Catherine Christer Hennix, Spiritual Drone Musician, Dies at 75


For decades afterward, Ms. Hennix toiled mostly in obscurity.

“My contention has always been that the future of music and art, sound and light, needs aesthetics to coalesce with ethics,” she told Mr. Boon in 2020 in an interview for The Brooklyn Rail. “This has certainly been a hard sell during my 50 years as an active composer, which is why public exposure to my work has been very limited, not to say nonexistent, over long periods of time.”

In the 21st century, however, Ms. Hennix’s work has undergone something of a revival. The partial recording of “The Electric Harpsichord” was finally released in 2010, and since 2016 Blank Forms has presented her concerts, released archival and new recordings, and published two volumes of her theoretical writings.

She was born on Jan. 25, 1948, in Stockholm, to Gunnar Noak Hennix, a doctor, and Margit Sundin-Hennix, a jazz composer. Inspired by her older brother, she took up the drums at age 5. The flourishing Swedish jazz scene brought many American luminaries to Stockholm, and as a teenager she was transformed by hearing the saxophonist John Coltrane live.

Ms. Hennix studied linguistics at Stockholm University and later pursued graduate studies in mathematical logic, drawn to the theories of Fourier and Brouwer. At Stockholm’s electronic music studio, she created synthesized compositions in the style of Karlheinz Stockhausen, but ultimately concluded that the hyper-complexity of European modernism was a dead end.

Instead, it was Mr. Young’s drones that seemed to offer a path forward. The first time she heard his music, she recalled in 2010, “it took me about 60 seconds to decide that this was the sound.”
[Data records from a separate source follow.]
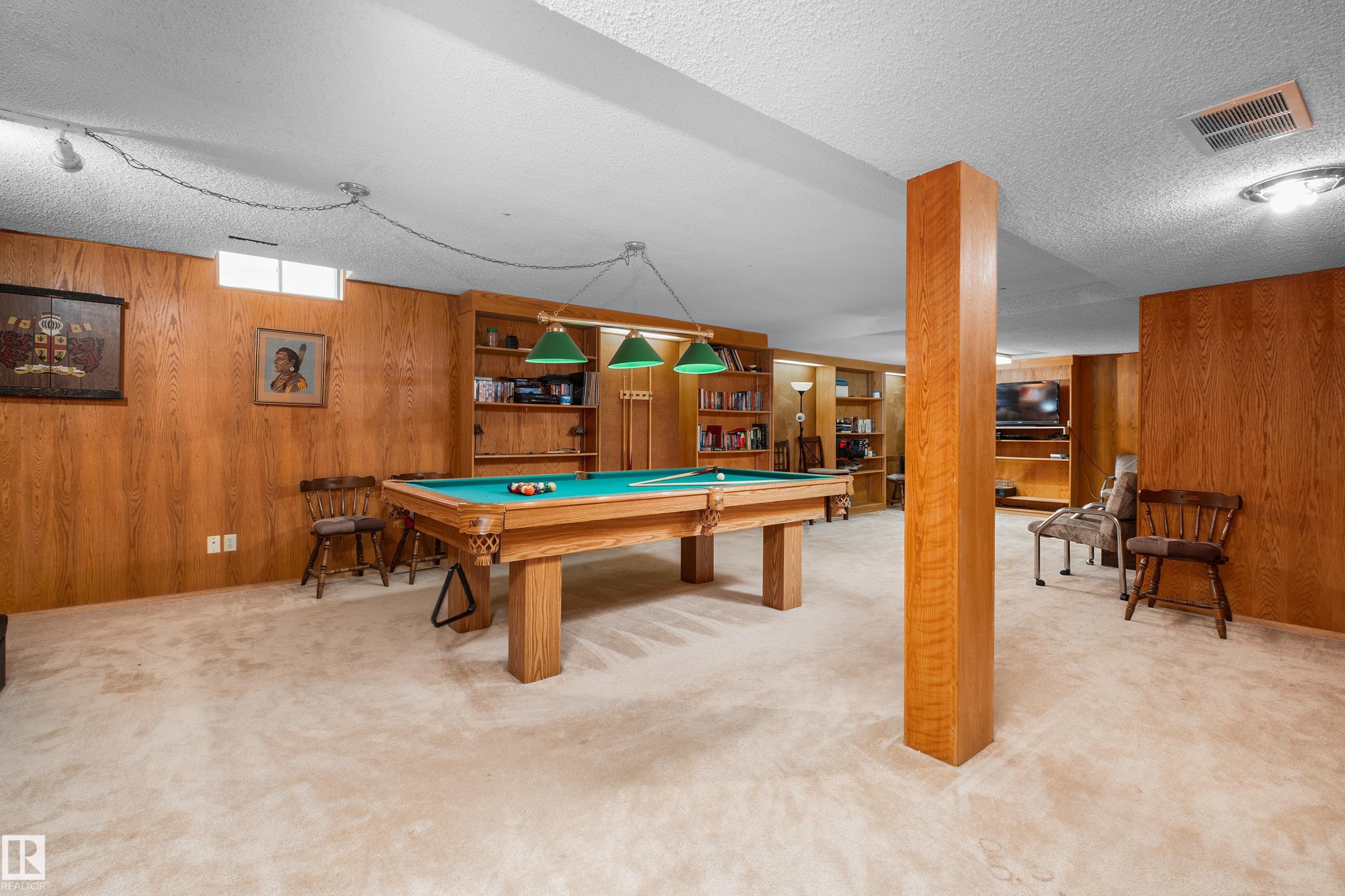 2408 115 ST NW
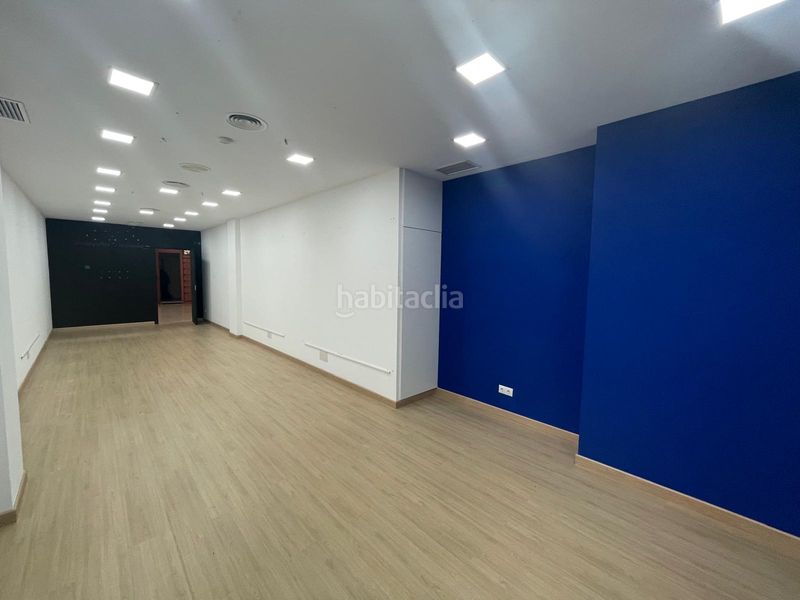 Foto ea6f05e4-1062-45ec-967c-c8d652621ba0. Local comercial a Centre Cornellà de Llobregat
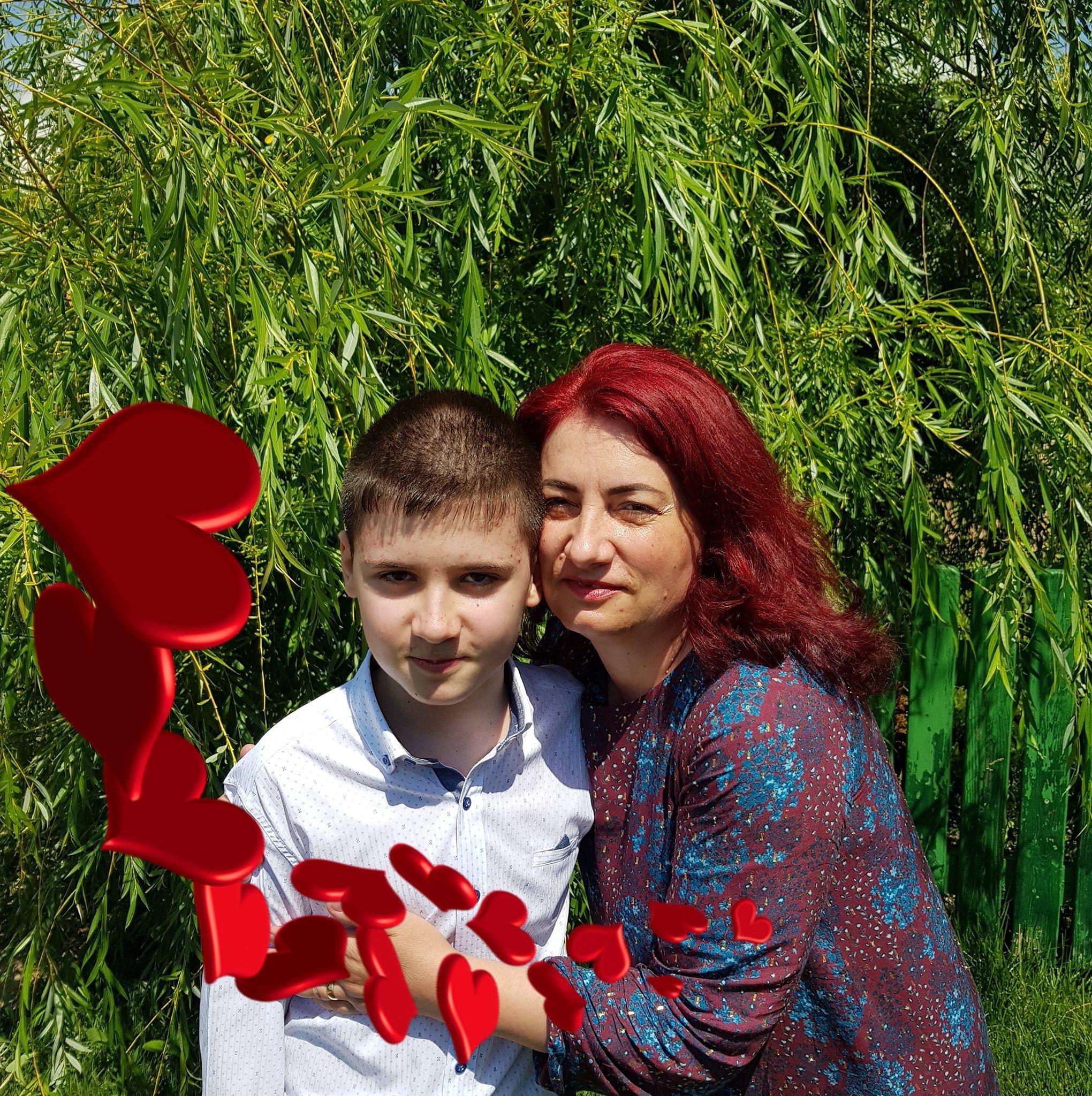 Medicul Gabriela Popi alături de fiul ei, îmbrățișați lângă o salcie, îmbrăcați festiv, el în cămașă, iar ea în rochie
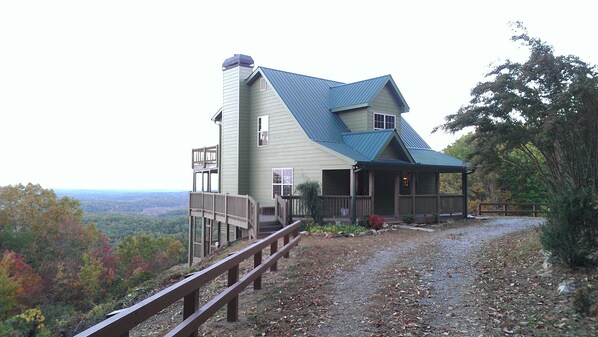 View of house coming up drive.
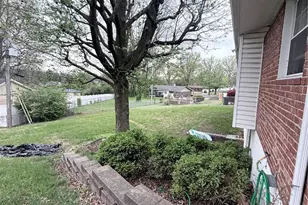 4458 Rhine Dr, Florissant, MO 63033 - Photo 24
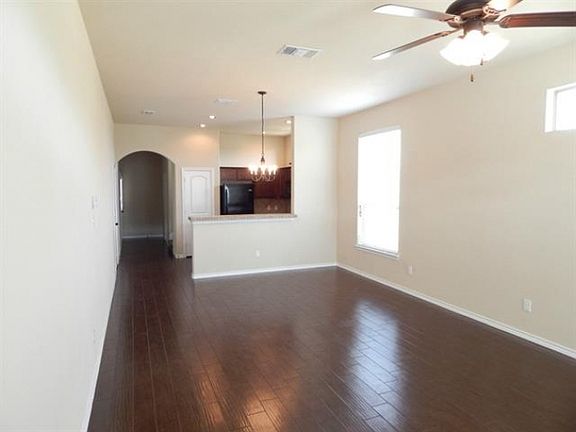 4th image of 191 Creekside Villa Dr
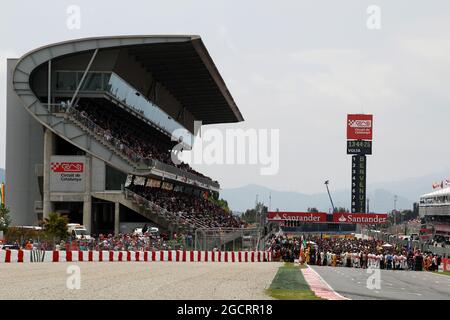 Das Startfeld vor dem Start des Rennens. Großer Preis von Spanien, Sonntag, 13. Mai 2012. Barcelona, Spanien. Stockfoto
Through the 1980s and ’90s, Ms. Hennix undertook other projects, including drumming in a band with Mr. Flynt called the Dharma Warriors; teaching logic and mathematics at the Massachusetts Institute of Technology’s Artificial Intelligence Laboratory and at the State University of New York at New Paltz; and working with the Soviet-era dissident mathematician Alexander Esenin-Volpin.